▶ **GIVEN RECORDS**:
----------
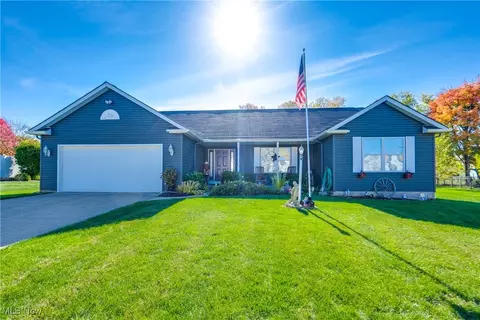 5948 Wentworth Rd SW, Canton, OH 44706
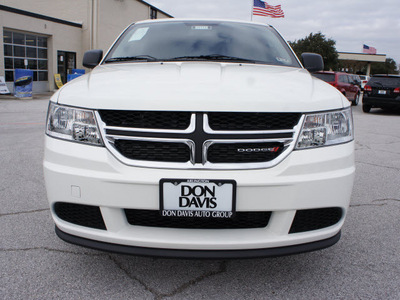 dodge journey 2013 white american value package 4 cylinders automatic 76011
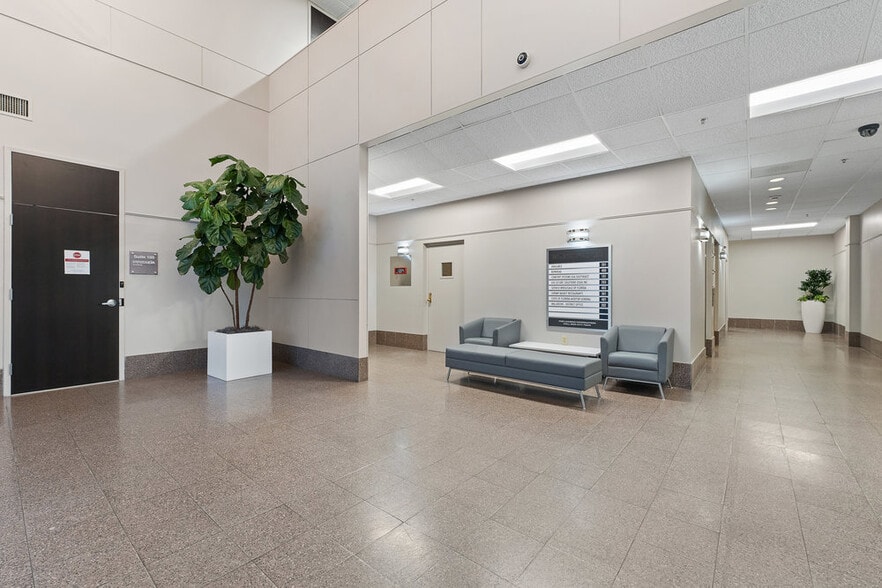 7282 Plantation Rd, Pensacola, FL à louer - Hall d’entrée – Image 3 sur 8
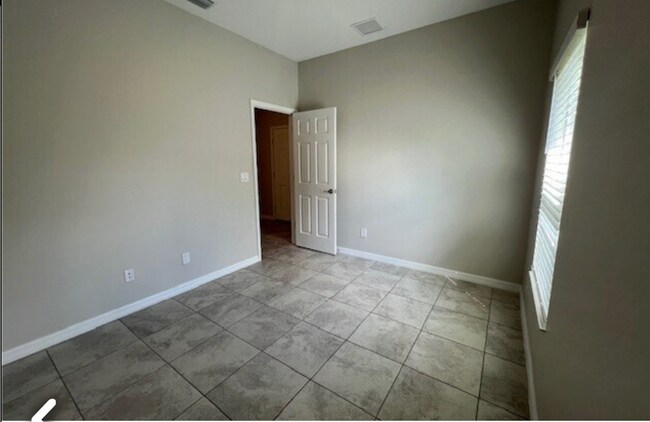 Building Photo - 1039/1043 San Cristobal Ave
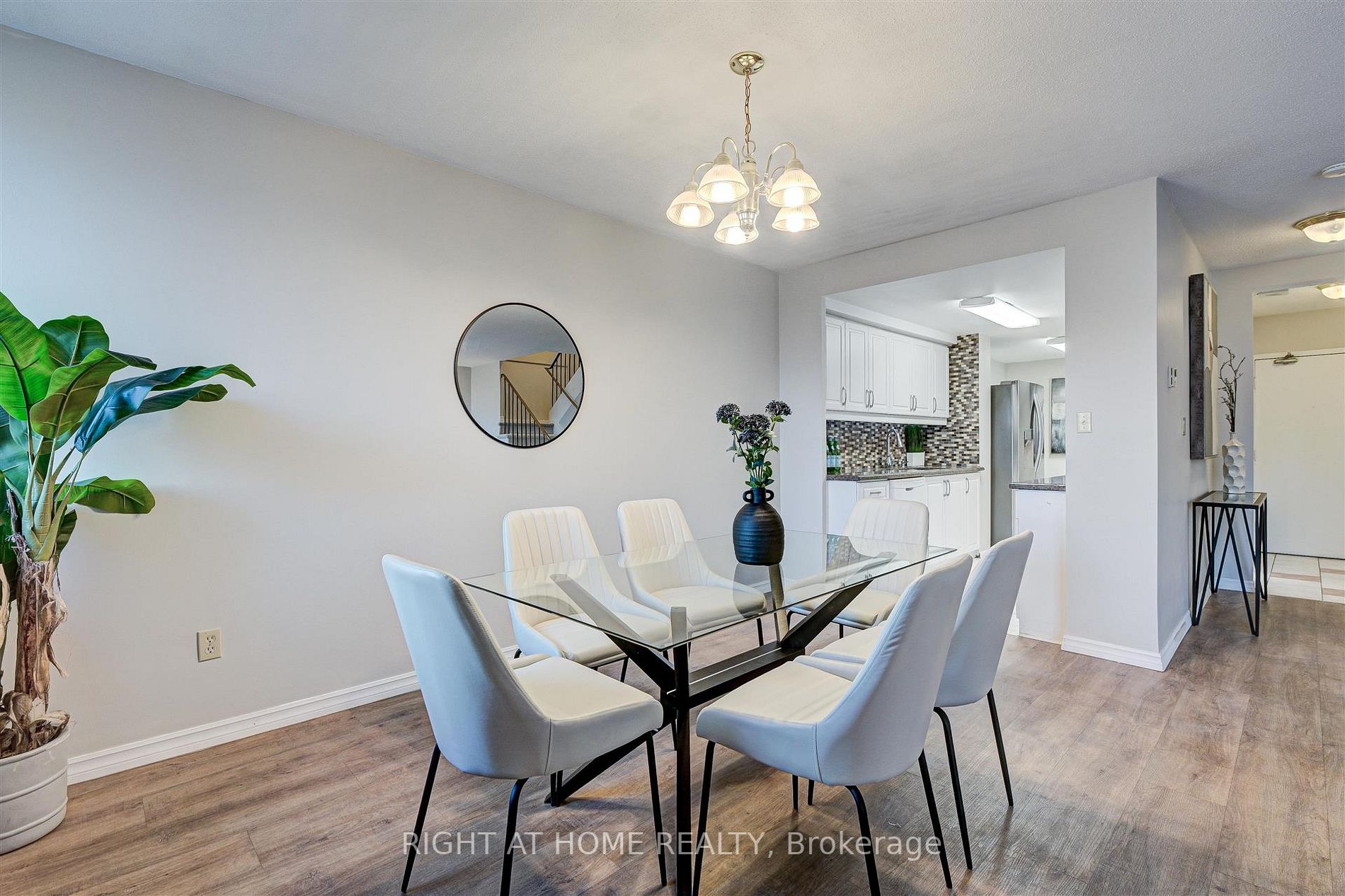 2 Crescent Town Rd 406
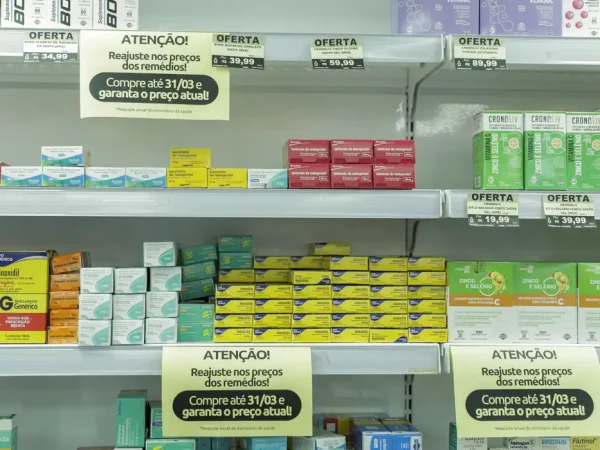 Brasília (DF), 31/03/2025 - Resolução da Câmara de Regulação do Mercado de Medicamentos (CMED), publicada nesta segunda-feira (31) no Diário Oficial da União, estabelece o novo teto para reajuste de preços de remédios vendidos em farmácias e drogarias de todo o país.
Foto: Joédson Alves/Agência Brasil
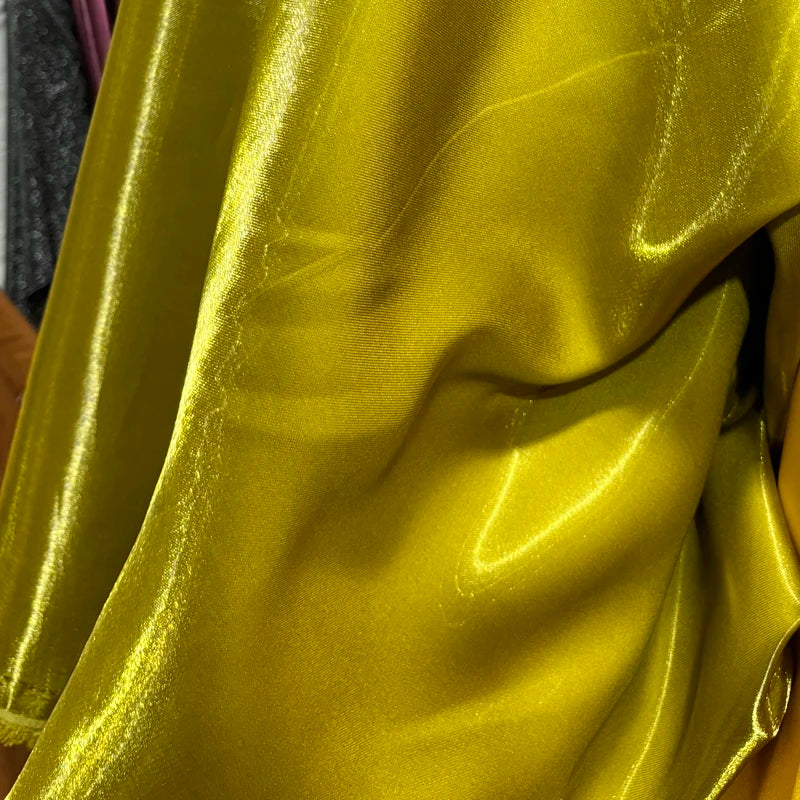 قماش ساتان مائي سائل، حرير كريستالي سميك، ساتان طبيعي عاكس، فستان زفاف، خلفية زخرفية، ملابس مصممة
----------
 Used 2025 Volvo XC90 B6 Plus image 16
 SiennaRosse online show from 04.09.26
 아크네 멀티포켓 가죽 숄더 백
----------
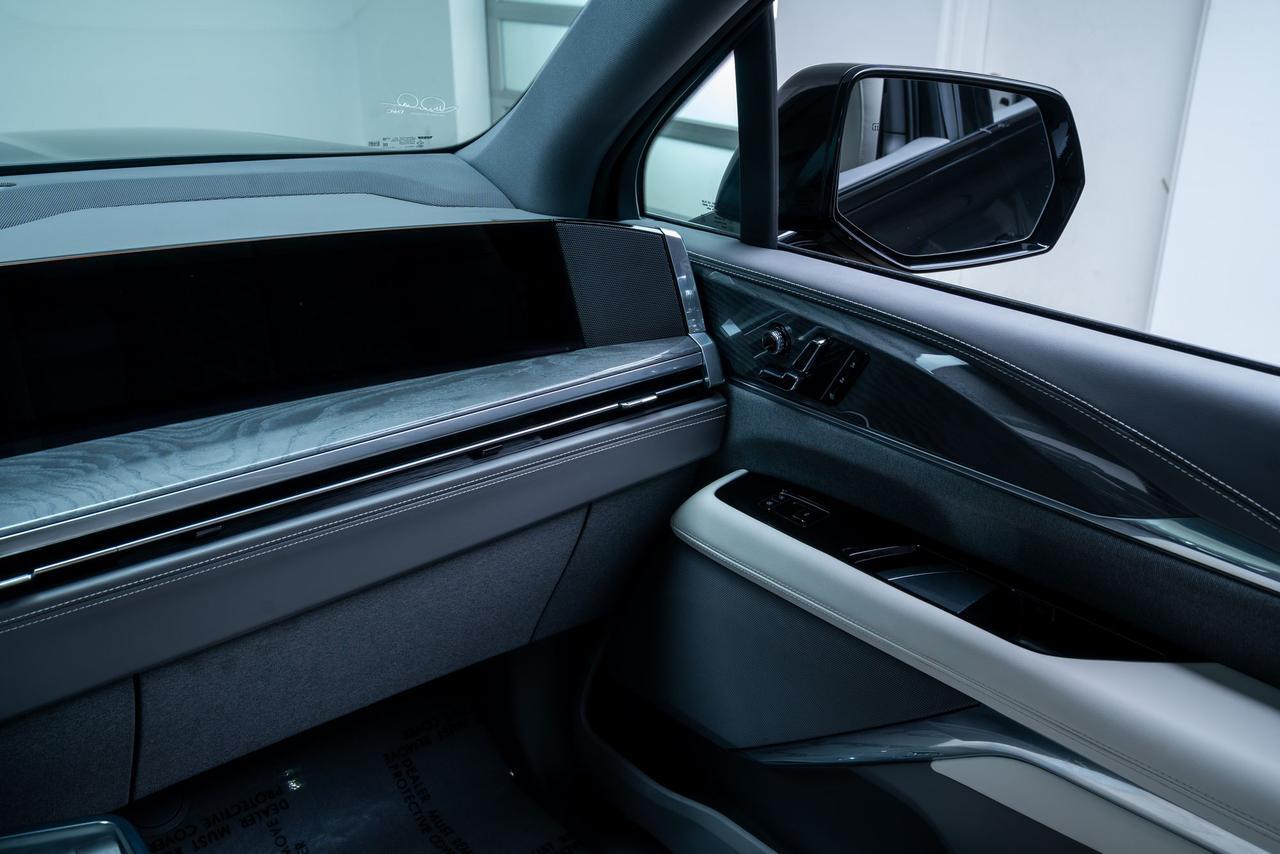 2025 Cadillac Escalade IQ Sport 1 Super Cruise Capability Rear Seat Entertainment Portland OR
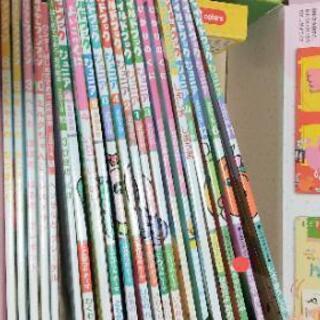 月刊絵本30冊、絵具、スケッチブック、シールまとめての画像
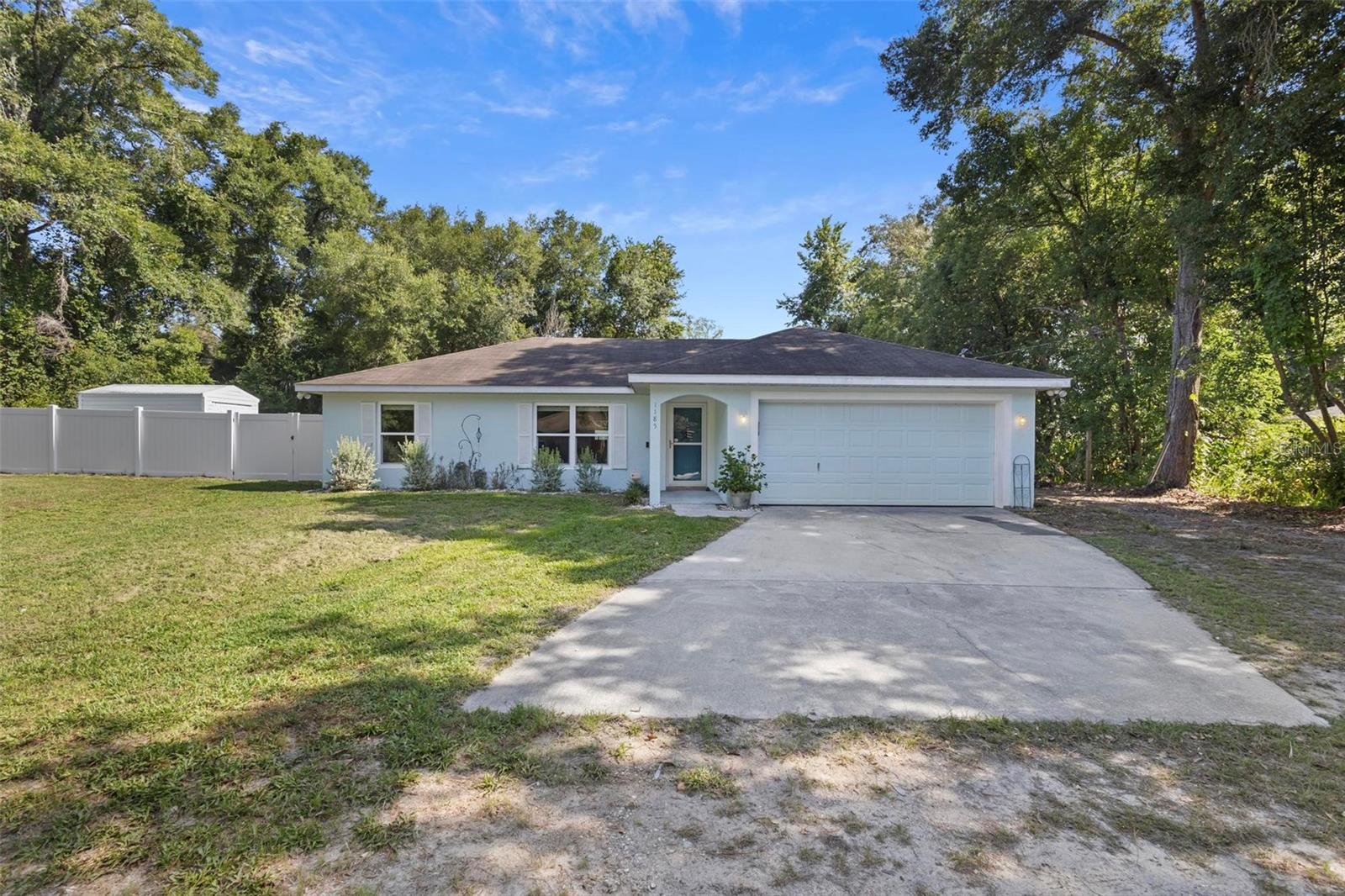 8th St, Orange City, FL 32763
----------
▶ **WHAT IS EXPECTED**: Set down again, word for word, every line from the one with "Brasília (DF), 31/03/2025" to the one with "قماش ساتان مائي" in the entries above, and omit the pictures.

▶ **SOLVED PROBLEM**:
 Brasília (DF), 31/03/2025 - Resolução da Câmara de Regulação do Mercado de Medicamentos (CMED), publicada nesta segunda-feira (31) no Diário Oficial da União, estabelece o novo teto para reajuste de preços de remédios vendidos em farmácias e drogarias de todo o país.
Foto: Joédson Alves/Agência Brasil
 قماش ساتان مائي سائل، حرير كريستالي سميك، ساتان طبيعي عاكس، فستان زفاف، خلفية زخرفية، ملابس مصممة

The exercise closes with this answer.